[Web page caption snippets]
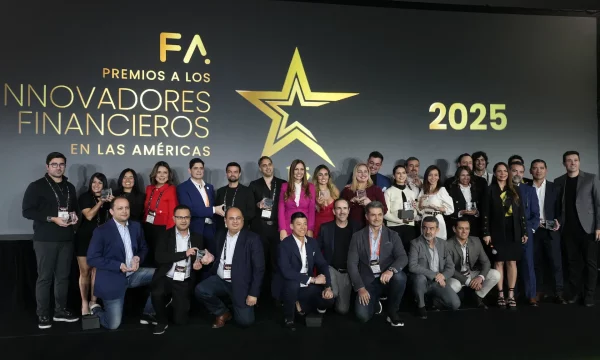 Ganadores de los Premios a los Innovadores Financieros en las Américas 2025 durante la ceremonia organizada por Fintech Americas en Miami.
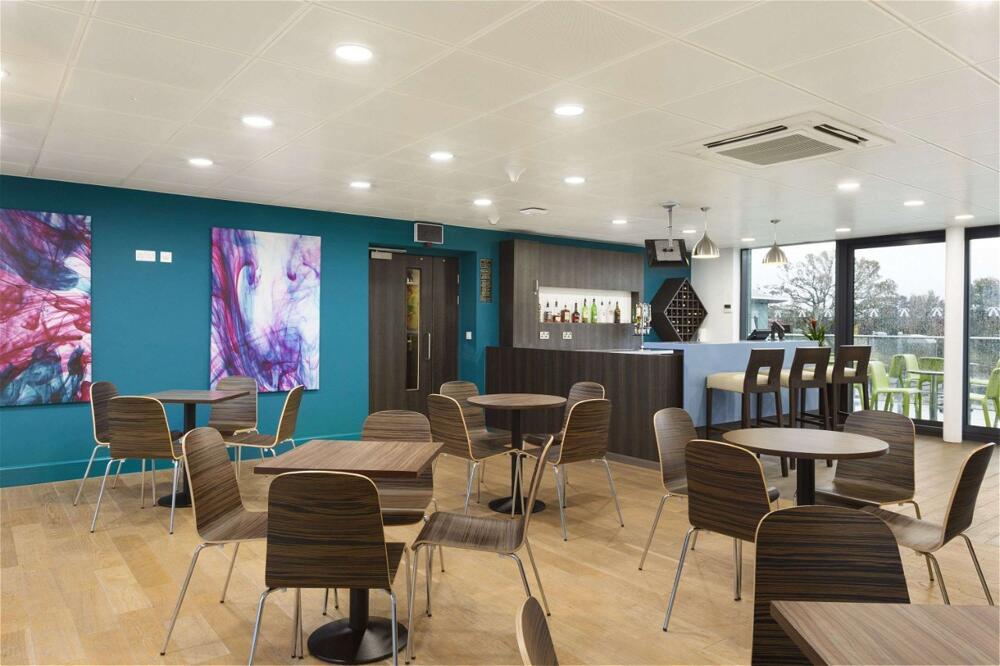 Foto de los servicios de Hotel Ramada by Wyndham Cobham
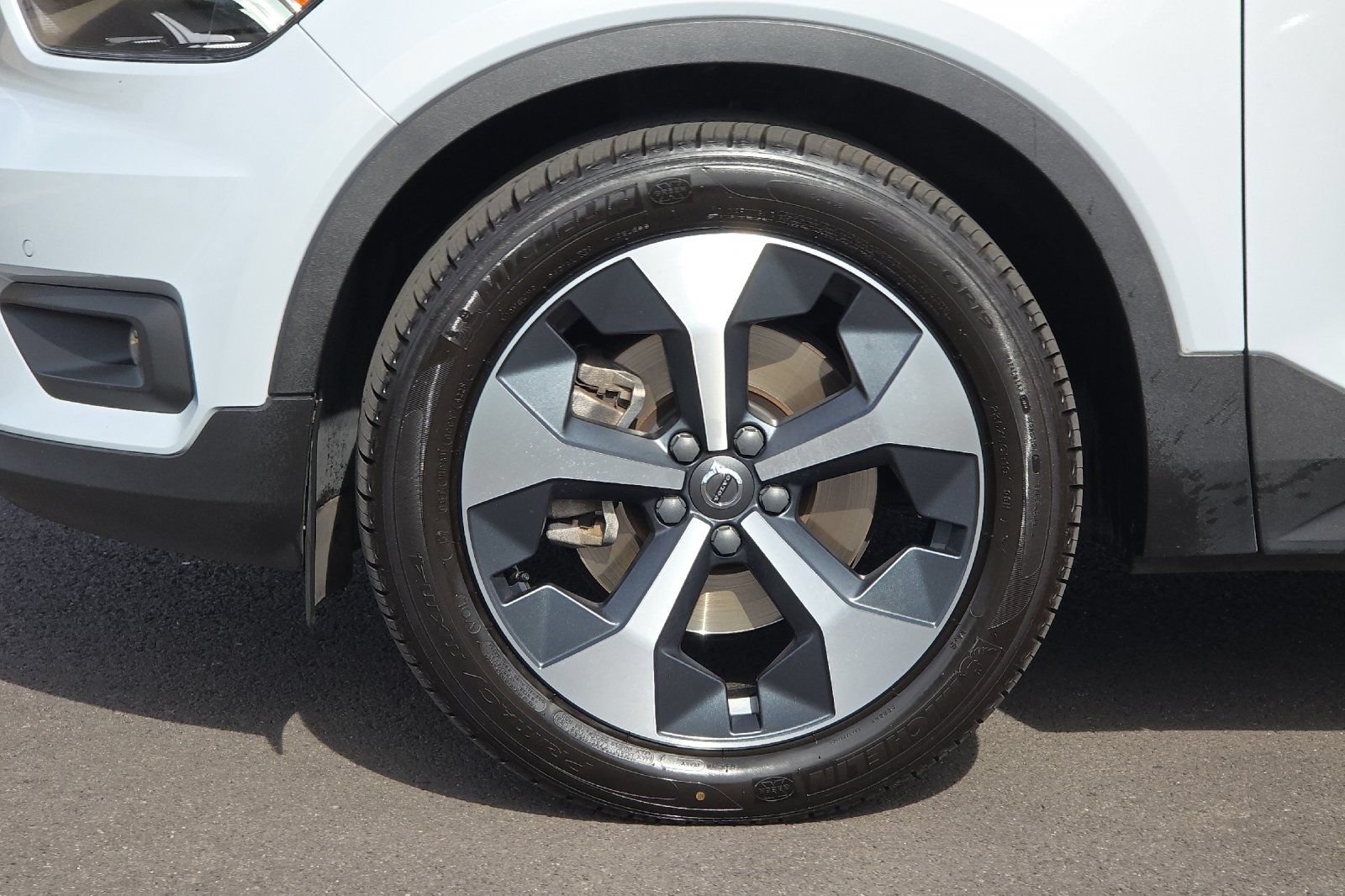 Used 2020 Volvo XC40 T5 R-Design w/ Protection Package AWD/4WD image 32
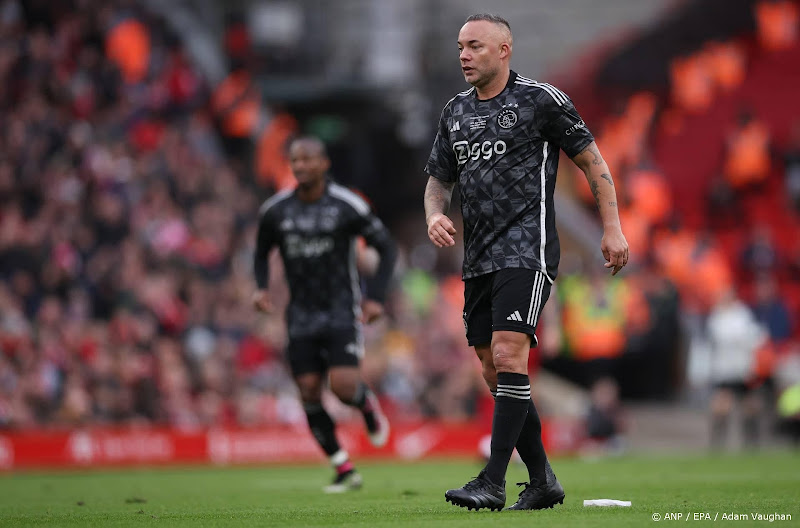 de zeeuw op voetbalveld in shirt ajax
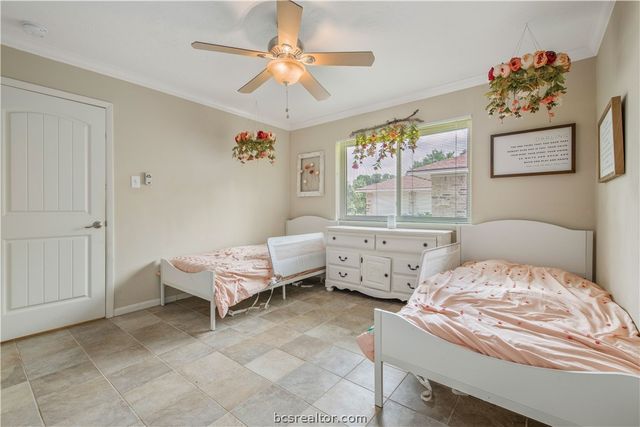 7804 Appomattox Drive, College Station, TX 77845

EXERCISE: Return each record as written, minus its images.

RESPONSE AREA:
 Ganadores de los Premios a los Innovadores Financieros en las Américas 2025 durante la ceremonia organizada por Fintech Americas en Miami.
 Foto de los servicios de Hotel Ramada by Wyndham Cobham
 Used 2020 Volvo XC40 T5 R-Design w/ Protection Package AWD/4WD image 32
 de zeeuw op voetbalveld in shirt ajax
 7804 Appomattox Drive, College Station, TX 77845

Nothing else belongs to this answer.